I HAVE a confession. I have an addiction. As I write this I am enjoying my second coffee for the day. To make the coffee experience complete is to relax outdoors at one of the many coffee shops with which we are blessed on our beautiful North Coast.
Alfresco dining is part of our lives. However three decades ago the scene was different. To eat outside meant doing battle with an enemy. The bush fly. Waving a hand in front of the face became firmly entrenched in our Aussie culture. The "Barcoo salute" was one of the many names given for our often futile attempts to keep flies out of our eyes and mouths.
We owe the dramatic (but not complete) drop in bush fly numbers to a small group of Australian scientists. This peculiar fraternity, whose passion in life is insects, are known as entomologists. Over the past four decades they have been responsible for introducing dung beetles. We already had several hundred types of native beetles, however their taste was for the droppings of our native animals. The introduced beetles were selected for their habit of eating sheep and cattle dung.
I have had the pleasure of spending several days with Dr Bernard Doube conducting a series of workshops on dung beetles and buffalo fly control. Bernard is a former CSIRO principal research scientist and his life work and passion is insects, in particular dung beetles and buffalo fly.

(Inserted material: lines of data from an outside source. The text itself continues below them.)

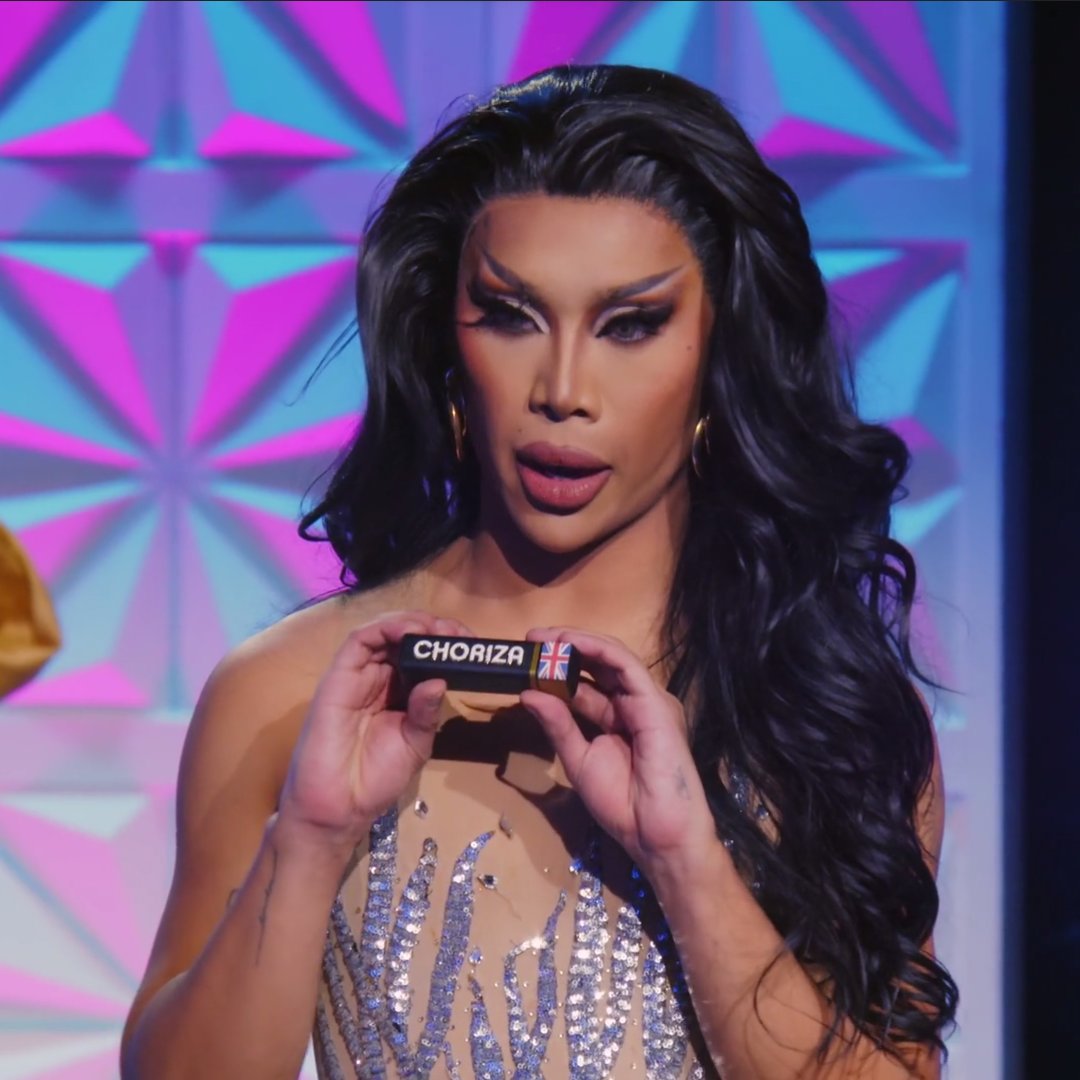 Marina Summers officially sent an American, a British, and a Spanish Queen home. She really gave the colonizers the chop. #DragRaceUK
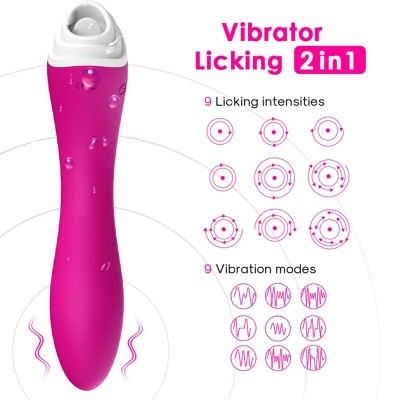 ARMONY - FAIRYLAND LAMINDO CLITOR VIBRANTE E VIBRADOR FUCISA - D-237956 - Dona Pimenta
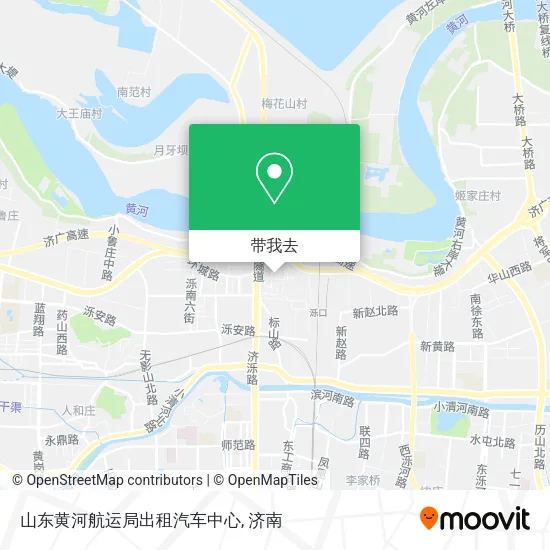 山东黄河航运局出租汽车中心地图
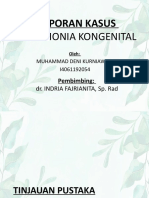 LAPORAN KASUS PNEUMONIA KONGENITAL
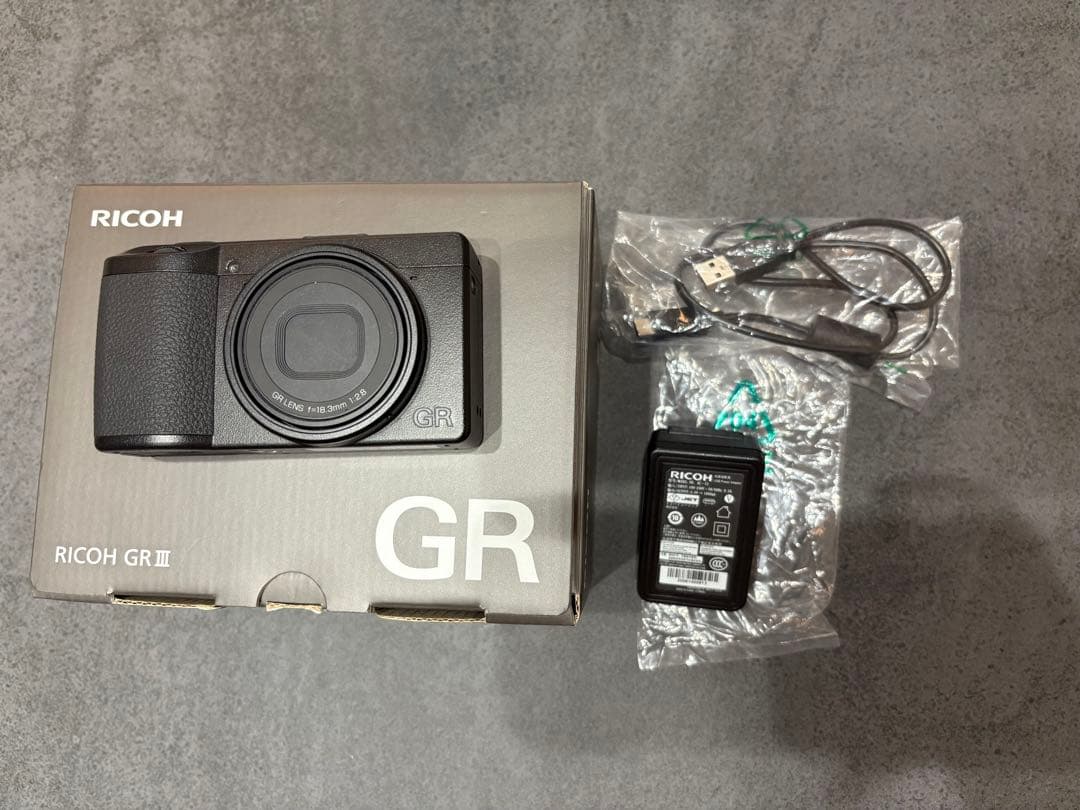 【美品】RICOH GR3(GR Ⅲ) GR III Street Limited Edition Kit - Ricoh
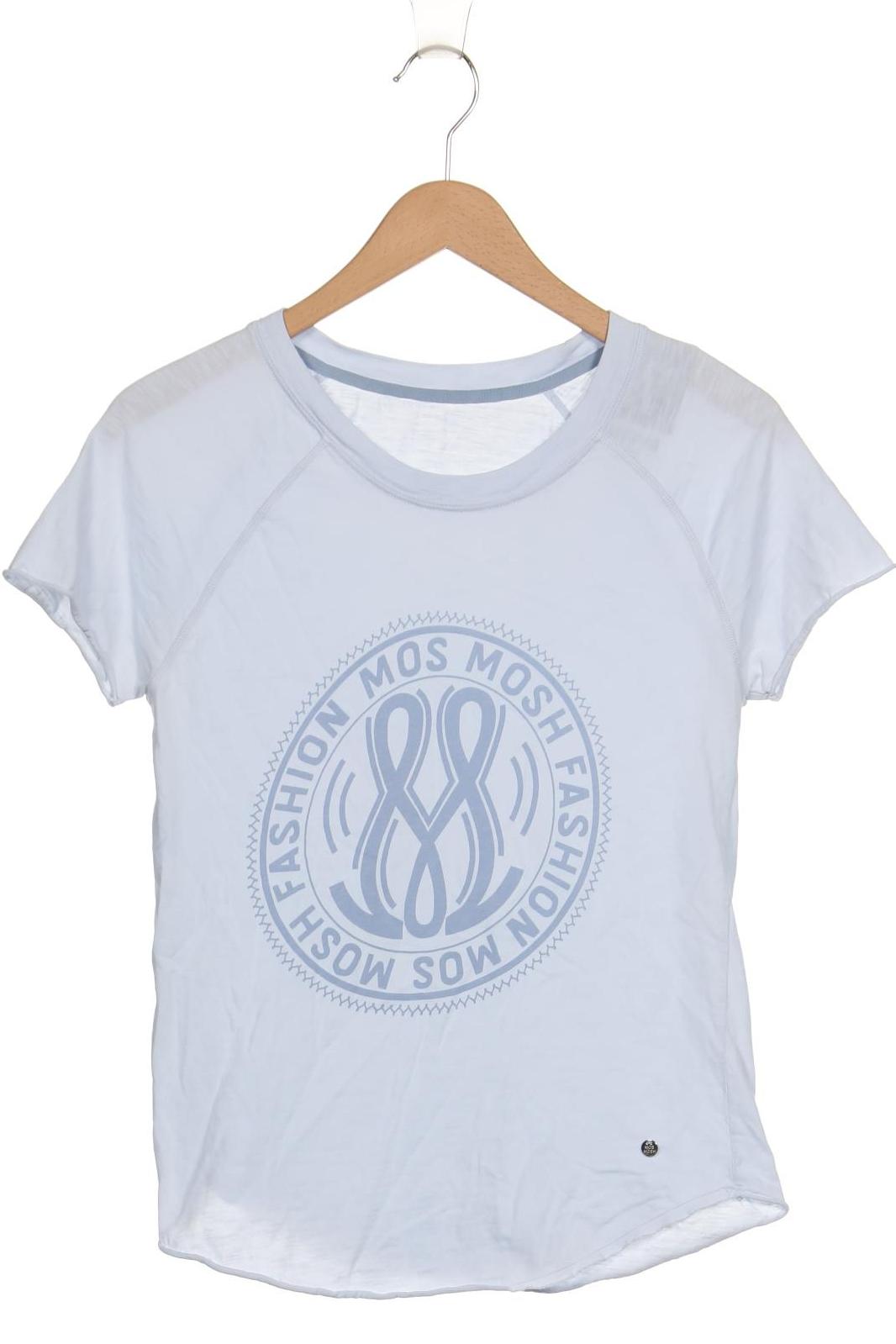 

Mos Mosh Damen T-Shirt, hellblau, Gr. 36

The field days highlighted the need to use buffalo fly chemicals wisely and to explore non-chemical means of control. Unfortunately the control of buffalo fly by dung beetles has not been as successful as it has with the bush fly. There are differences in their life cycles. We also need dung beetles that are better adapted to the tropics and are summer active. This is Bernard's current mission; to search the planet for just the right beetles to do the job.
Until then, as cattle producers we need to become wiser to employ strategies to delay resistance.
The days of reliance on chemical control are limited. There is also increasing consumer demand for products grown without the use of chemicals.
Dung beetles also have a huge role to play in restructuring and improving the fertility of our ancient soils. Also by deep burying dung they are incorporating carbon into the soil. I raise my hat to the humble dung beetle and to scientists like Bernard who work with them. They are indeed the quiet achievers.